Teppei: For me, it’s not about slides—it's about experiencing the product. One of the best pitches we saw was from a social VR startup. Instead of a pitch deck, they asked us to put on a headset and interact with real users in their environment. It was immersive and instantly showed us what they were building. Another great example is when founders show organic community engagement—players already forming around the idea, talking excitedly on Discord or social media. That’s more compelling than any verbal pitch.

Q: What’s an instant red flag in a pitch?

Teppei: Misalignment. If a team doesn’t understand our investment focus—say, they’re raising a $10M Series A when we typically write smaller checks at earlier stages—that’s an easy pass. It’s not necessarily their fault, but it does show a lack of research. I’d encourage founders to tailor their outreach: know who you’re talking to and what stage they invest in.

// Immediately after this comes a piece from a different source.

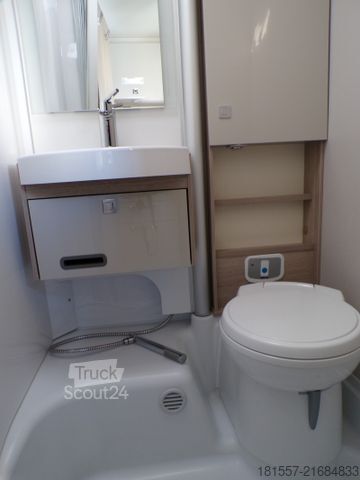 Półzintegrowany kamper BÜRSTNER Lineo T 620 G Isofix, SAT/TV, Markise, Navi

Q: How much emphasis do you place on prototypes?

Teppei: We don’t expect a polished game, but we do want a real experience, not a video. A playable prototype, even if rough, shows the team’s ability to execute. It’s also a sign of commitment. If they’ve built something hands-on before raising any money, that speaks louder than a deck. The core gameplay should be there—something we can feel and interact with.

Q: Are you more drawn to ideas that are completely new, or those that iterate on proven formats?

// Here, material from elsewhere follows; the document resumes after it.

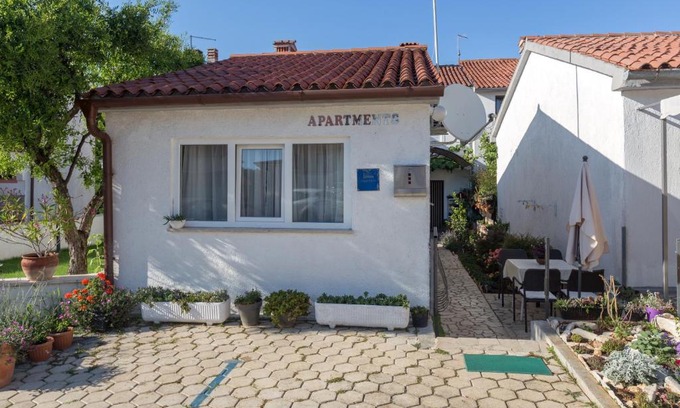 Brulo Apartment | Apartments with parking space Porec - 7154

Teppei: It’s rarely one or the other. The sweet spot is often a hybrid, taking a proven mechanic and layering something new on top. That could be a fresh setting, a unique character system, or a new platform. We're not looking for completely uncharted territory, but we’re also not investing in games that feel too familiar. It’s a balance.

Q: How do you view publishing partnerships in the context of Series A funding?

Teppei: It depends on the studio’s funding strategy. Some investors avoid publishing deals because they limit upside due to revenue splits. But we’re flexible. We don’t require founders to go either way. What matters is alignment. Whether you're talking to a VC like us or a publisher, it's about finding the right fit based on your goals.

Q: What if a startup hears “no” from GFR—does that mean it’s over?

Teppei: Not necessarily. We usually communicate if we’d be open to reconnecting in six months or a year. If we don’t see a fit, we’ll say so, but I never say “never come back.” Things change—markets shift, teams evolve. Just because it’s not a yes now doesn’t mean it won’t be in the future.

Q: Do you proactively create or incubate game studio ideas internally?

Teppei: Not really. Some funds do that, but we don’t incubate from scratch. We’re looking for teams with internal conviction—people who are in the driver’s seat. If the idea originates from us, we’re in the passenger seat, and that rarely works in gaming. We back founders who have a vision and are already building it.

Q: Beyond capital, what else does GFR bring to the table?

Teppei: We help our portfolio companies connect with major publishers and tech platforms—Google, Meta, Snap, and others. We also invest across gaming and consumer tech, so we’re often facilitating cross-industry insights. Whether it's connecting a gaming startup to a consumer social founder or vice versa, we try to be value-add beyond just funding.

Final thoughts

Teppei’s perspective underscores a broader shift in the early-stage games market: teams must now prove passion and traction before funding. It’s no longer enough to just have a great background—investors want to see early validation, authentic community engagement, and thoughtful differentiation.